# CW9 or CW45? (not ammo debate lol)



## redfalcon302 (Jan 7, 2008)

I do not intend for this to be a 9mm vs. .45 debate, but I wanted to share my situation and get some feedback from the great people here at handgunforum.net. I have a Springfield XD Subcombact that I just got (love it btw) and I traded my Glock 19 for it. I have plenty of 9mm ammo and I love to shoot the XD, but I can't help but think about getting the CW45 instead of another 9mm. I don't feel at all undergunned with a premium 9mm HP, but I also like the thought of the man-stopper .45 round. They're around the same price and I have a friend who HIGHLY recommends the CW45 and he carries it daily. I think the CW45 would conceal MUCH more easily than the XD, but I'm not sure If maybe I should get another 9 because of the common ammo. Maybe I need to add a good .45 to the stable? Thanks for the feedback! BTW, I'm sure I'll end up with both of them eventually, but whichever I purchase later will likely be a long time out because of some financial obligations.

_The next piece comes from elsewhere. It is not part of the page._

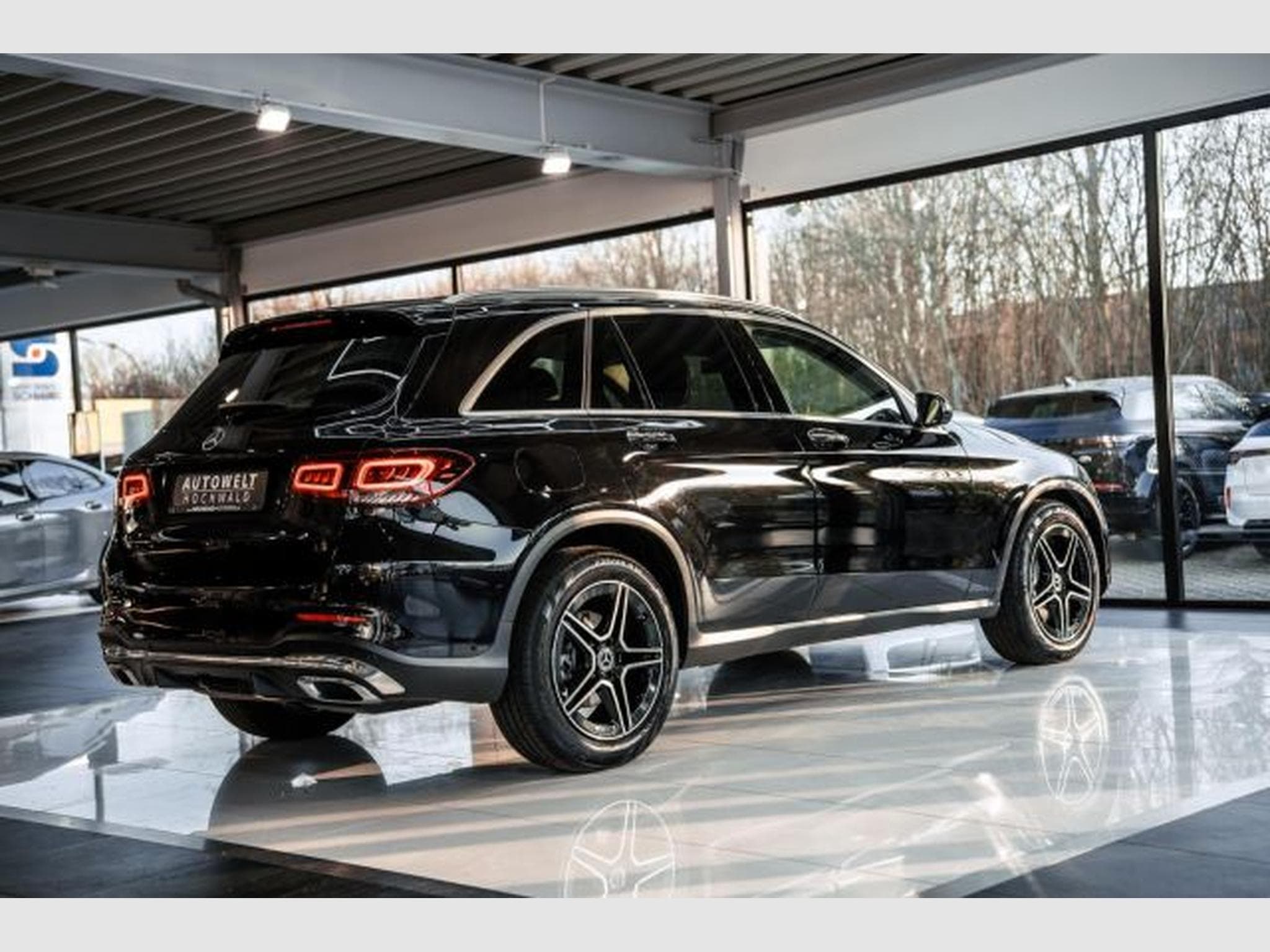 Mercedes GLC 300 GLC 300d 4M AMG-Line STHZG BURM AssiP+ AHK PANO (2020) - Photo 10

Thanks in advance!!
- Garan


----------



## greenjeans (Jan 14, 2007)

I have both and really like them both. I would vote for the CW45 just because I like shooting that caliber. It is a little thicker than the CW9, but conceals easily. I bought the nine first to replace a Kel-Tek and then found the .45 used for a good price. Both have been flawless including break-in period on the CW9. Get the .45 since you already have a 9mm.


----------